Следует добавить, что, будучи сверхкритичным, нужно было бы отвергнуть большую часть греческих и латинских текстов, лишь редкие рукописи которых восходят к докаролингской эпохе. Точно так же надлежало бы отбросить и все средневековые скандинавские тексты. Отказ от использования кельтских островных текстов абсолютно неоправдан. Напомним, что эти тексты содержат информацию, которая должна быть сопоставлена с континентальными данными, а не просто добавлена к ним.
IV. ИСТОРИЯ И АРХЕОЛОГИЯ
1. Железный век
Археологи сходятся на мысли, что доисторические европейские общества прошли различные экономические фазы начиная от собирательства в мезолитическую эпоху и кончая организованным земледелием в эпоху неолита.

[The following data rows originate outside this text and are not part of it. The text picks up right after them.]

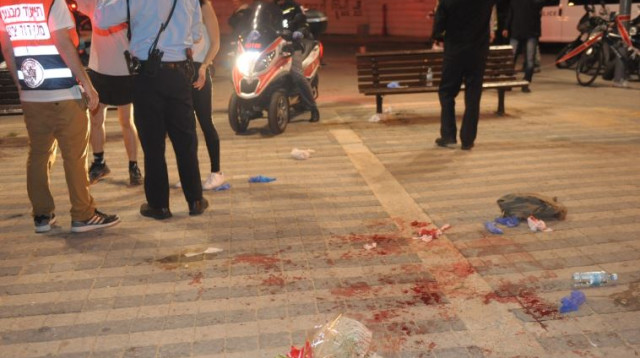 זירת פיגוע הדקירה ביפו  (צילום: אבשלום ששוני)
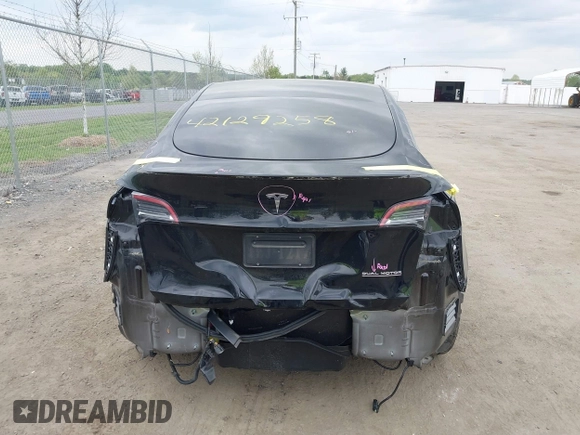 2023 Tesla Model Y Performance z VIN 7SAYGDEF7PF663387, wystawiony jako IAAI lot #42129258 z przebiegiem 42 691 mil mil oraz . Historia ofert i sprzedaży dostępna na DreamBid. Obrazek 17.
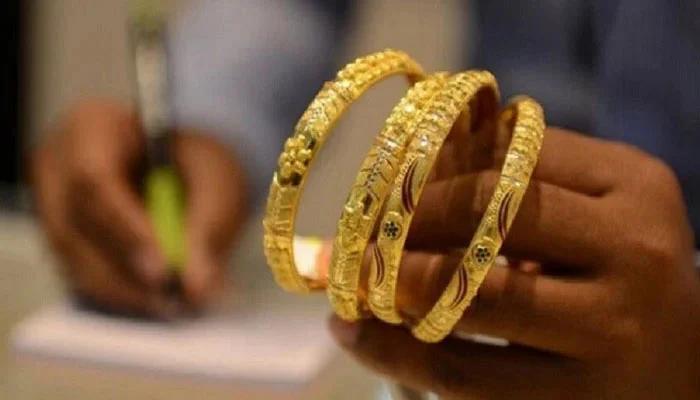 Gold prices drop across the country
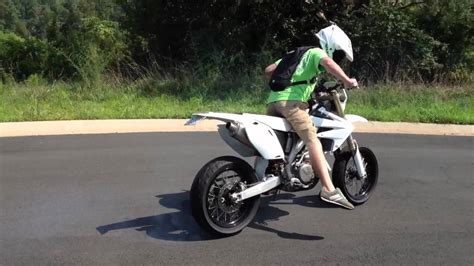 The crf450l is the first performance dual sport from the japanese manufacturers that is street legal and can be plated straight. supermoto street legal crf450 burn out - YouTube
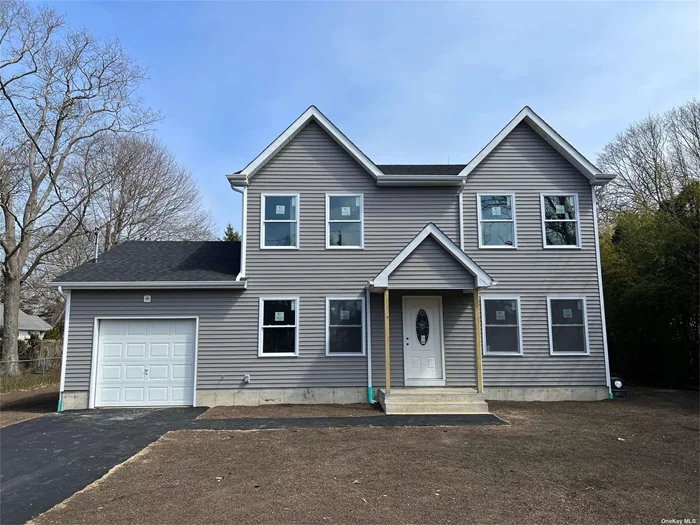 NEW CONSTRUCTION - CUSTOM BULIT CENTER HALL COLONIAL. TRADITIONAL MEETS MODERN WITH HARD WOOD FLOORS THROUGHOUT. CUSTOM MOLDING PACKAGE. WHITE SHAKER CABINETS WITH HUGE ISLAND, QUARTZ COUNTERTOPS AND STAINLESS-STEEL APPLIANCES. 2ND FLOOR MASTER SUITE PLUS 3 BEDROOMS, HALLWAY FULL BATH.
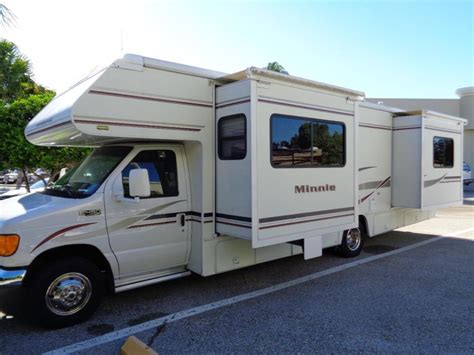 Winnebago Winnebago Minnie 329b Rvs For Sale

Но подобные рассуждения нас не слишком интересуют, ибо, как мы уже заметили, нам ничего или почти ничего неизвестно об этих популяциях. Были ли они субстратом, за краткое время покоренным индоевропейскими захватчиками, были ли они истреблены или ассимилированы, в любом случае от них остались лишь наскальные изображения, кое-какие «скульптуры» и, в основном, изделия из камня или керамика.

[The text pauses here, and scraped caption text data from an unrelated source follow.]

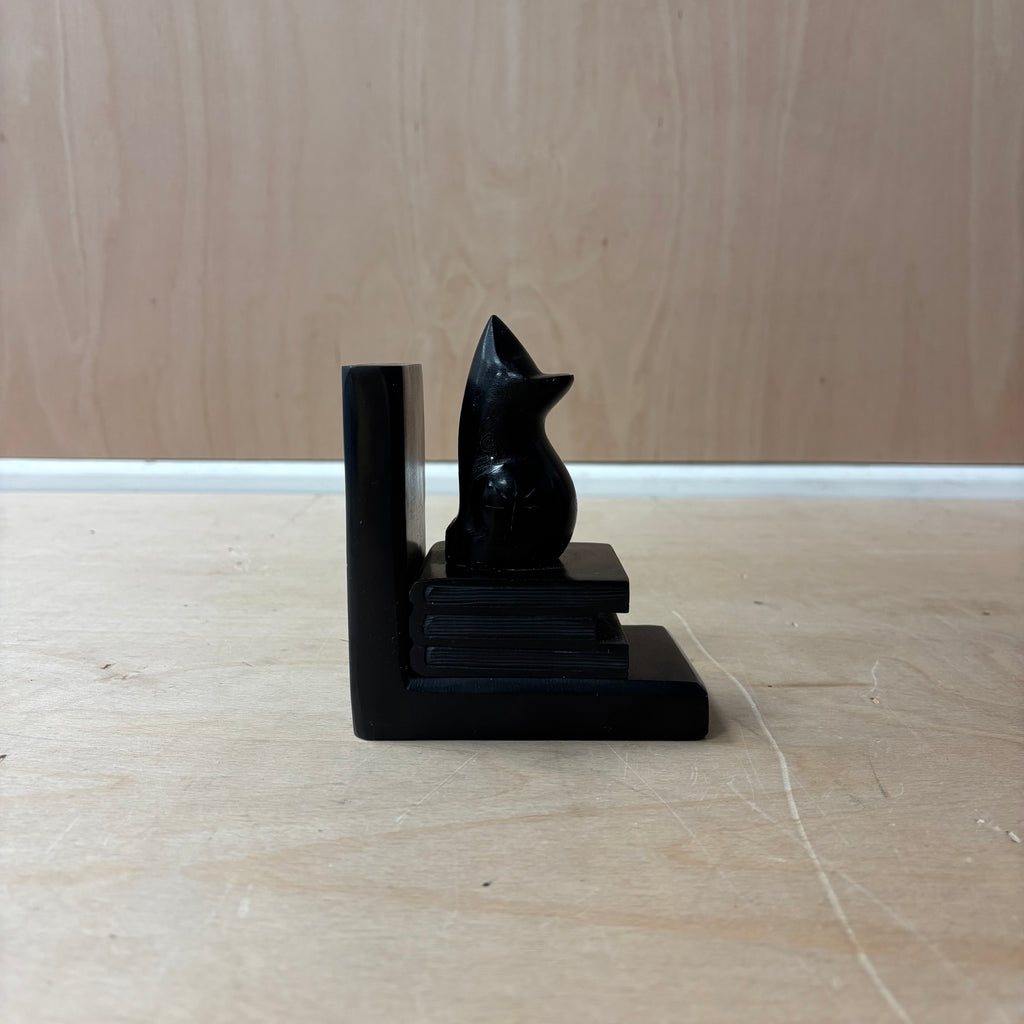 Cat and mouse designed bookends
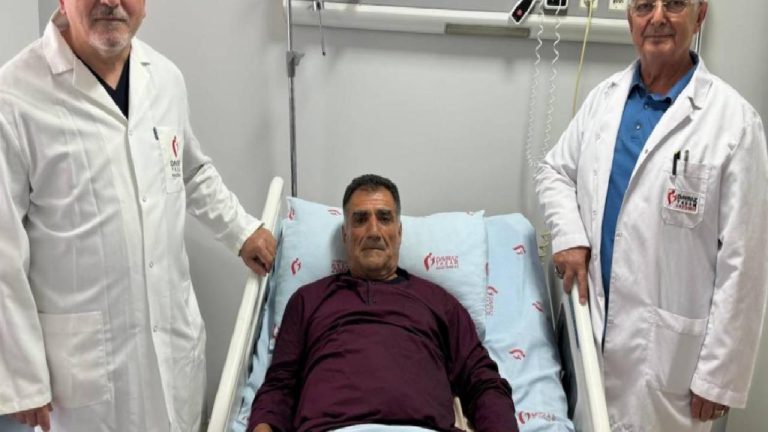 Isparta’da bir kişinin karnından 8 kilogram tümör çıkarıldı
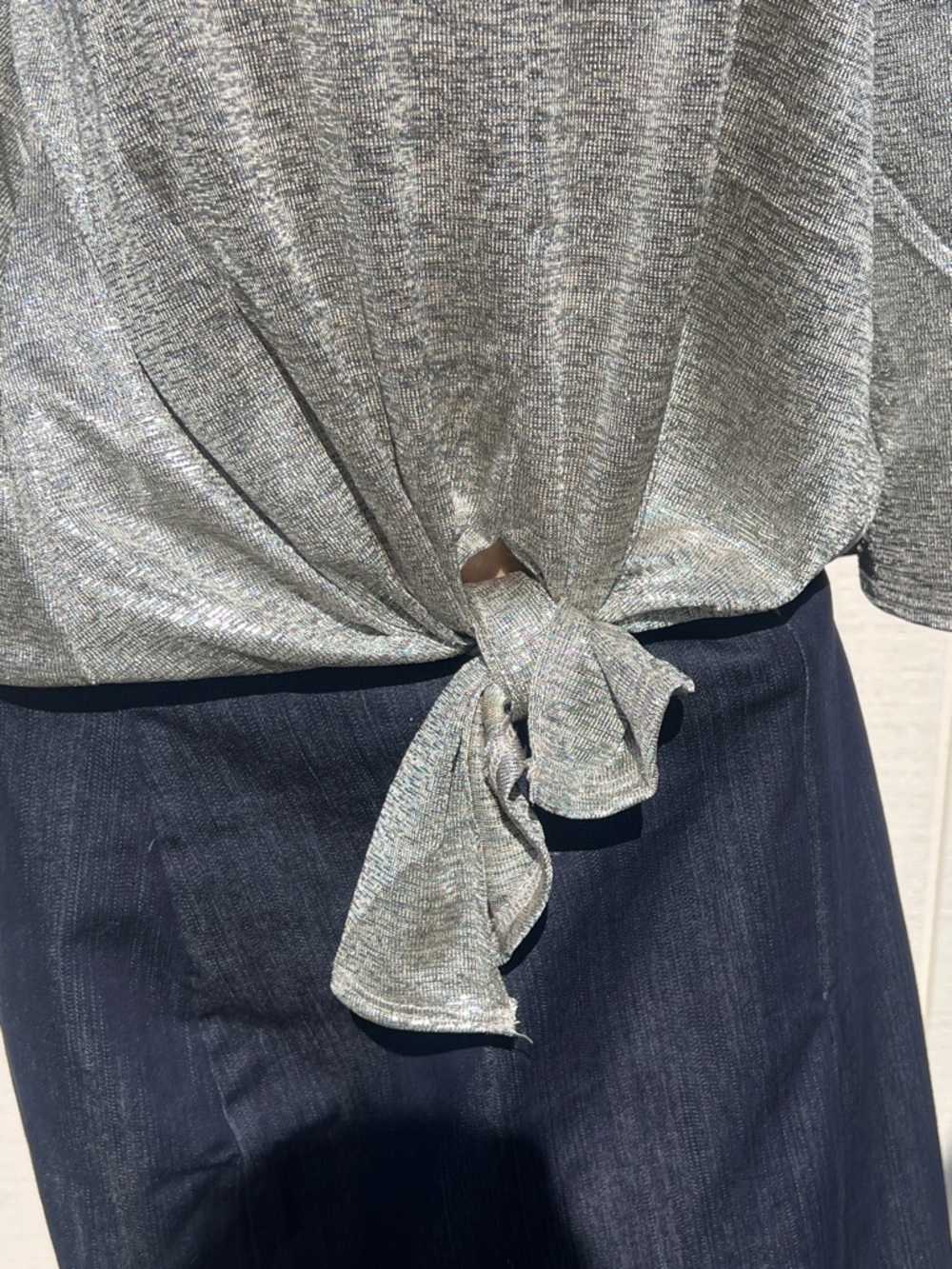 Kim & Cami Metallic Silver Tie-Hem Long Sleeve Top - Picture 3 of 3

Мы упоминали также и о том, что не существовало такого явления, которое принято называть общим «доисторическим индоевропейским периодом». Повсюду, где происходили индоевропейские вторжения, они означали конец каменного века и начало века меди и бронзы, что соответствует первой половине второго тысячелетия до нашей эры. Золотой век кельтов относится, стало быть, к протоистории, и границы этого века в археологической хронологии еще весьма расплывчаты и даже варьируются от одних раскопок к другим. Иногда конец I века до н. э. определяли как «ранний галло-римский период», и, как всякий ранний период, он содержал много пережитков. Проблема так или иначе решается, когда мы констатируем, что чем шире и точнее исследования, тем более древнее и существенное положение занимают кельты в археологии Западной, Центральной, Дунайской и Балканской Европы.

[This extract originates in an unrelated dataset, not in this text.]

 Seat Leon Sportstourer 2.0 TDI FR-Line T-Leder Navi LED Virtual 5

Вот почему часто предпочитают говорить о «протокельтах», причем термин этот свидетельствует не столько о фактах, сколько о нехватке документации и издержках методологии. Но, быть может, мы вправе отнести их к носителям «древнеямной» культуры? Вполне возможно, но назначение этого термина волей-неволей приходится сузить, поскольку он предполагает некий процесс формирования, не подтвержденный никакими археологическими или лингвистическими данными. Доттен, скептический по натуре и мало склонный к оригинальным гипотезам, в своем учебнике прямо говорит о «кельтах бронзового века», а такой крупный археолог, как Анри Юбер, которому мы обязаны единственной попыткой синтеза в этой области, потратил впустую немало времени, стараясь отыскать в Галлии лингвистические или топонимические следы первого кельтского вторжения, нашествия гойделов в эпоху бронзы: следы гойделов (слова с начальной основой на k- а не на p-, как в галльском и бриттском) столь немногочисленны и незначительны, что из них нельзя вывести никакого этнологического заключения. Они доказывают только лингвистическую эволюцию кельтских языков, а не смену населения. Не следует ли, наконец, упомянуть галльский теоним Pritona, вариант от Ritona, который, возможно, был именем божества перехода или брода? Нужно ли считать, что Pritona — это индоевропейская «протокельтская» форма по сравнению с Ritona, классической кельтской формой с ожидаемым падением начального индоевропейского p-?